> _What to produce_: Pull every line that includes the word "featuring" from the data.

○ ○ ○ ○

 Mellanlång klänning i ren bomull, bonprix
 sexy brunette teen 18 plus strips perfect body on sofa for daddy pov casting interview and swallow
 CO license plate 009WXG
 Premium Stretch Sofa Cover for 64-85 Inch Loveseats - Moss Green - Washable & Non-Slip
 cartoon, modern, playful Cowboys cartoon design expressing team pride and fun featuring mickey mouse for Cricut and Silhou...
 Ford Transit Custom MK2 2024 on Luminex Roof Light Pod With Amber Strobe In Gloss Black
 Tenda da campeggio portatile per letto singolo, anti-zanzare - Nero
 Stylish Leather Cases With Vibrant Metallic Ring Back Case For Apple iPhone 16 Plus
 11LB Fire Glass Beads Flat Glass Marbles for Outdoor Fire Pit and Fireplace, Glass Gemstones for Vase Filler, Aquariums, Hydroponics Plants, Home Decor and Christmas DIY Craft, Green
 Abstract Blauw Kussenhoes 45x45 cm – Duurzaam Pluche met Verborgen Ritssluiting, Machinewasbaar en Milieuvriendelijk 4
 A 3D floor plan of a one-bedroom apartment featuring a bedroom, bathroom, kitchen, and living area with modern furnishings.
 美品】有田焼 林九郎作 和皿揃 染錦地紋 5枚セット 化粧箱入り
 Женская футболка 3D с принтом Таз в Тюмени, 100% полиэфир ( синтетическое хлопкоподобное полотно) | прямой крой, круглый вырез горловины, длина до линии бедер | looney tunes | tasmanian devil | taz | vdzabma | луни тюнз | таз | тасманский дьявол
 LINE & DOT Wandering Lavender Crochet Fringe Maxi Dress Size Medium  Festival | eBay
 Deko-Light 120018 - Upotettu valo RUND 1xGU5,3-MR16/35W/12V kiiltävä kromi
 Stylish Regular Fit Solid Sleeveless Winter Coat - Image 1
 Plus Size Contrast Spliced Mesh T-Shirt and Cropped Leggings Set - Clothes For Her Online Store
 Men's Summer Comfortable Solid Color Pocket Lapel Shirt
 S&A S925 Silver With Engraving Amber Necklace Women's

○ ○ ○ ○

> _Solved problem_:
 cartoon, modern, playful Cowboys cartoon design expressing team pride and fun featuring mickey mouse for Cricut and Silhou...
 A 3D floor plan of a one-bedroom apartment featuring a bedroom, bathroom, kitchen, and living area with modern furnishings.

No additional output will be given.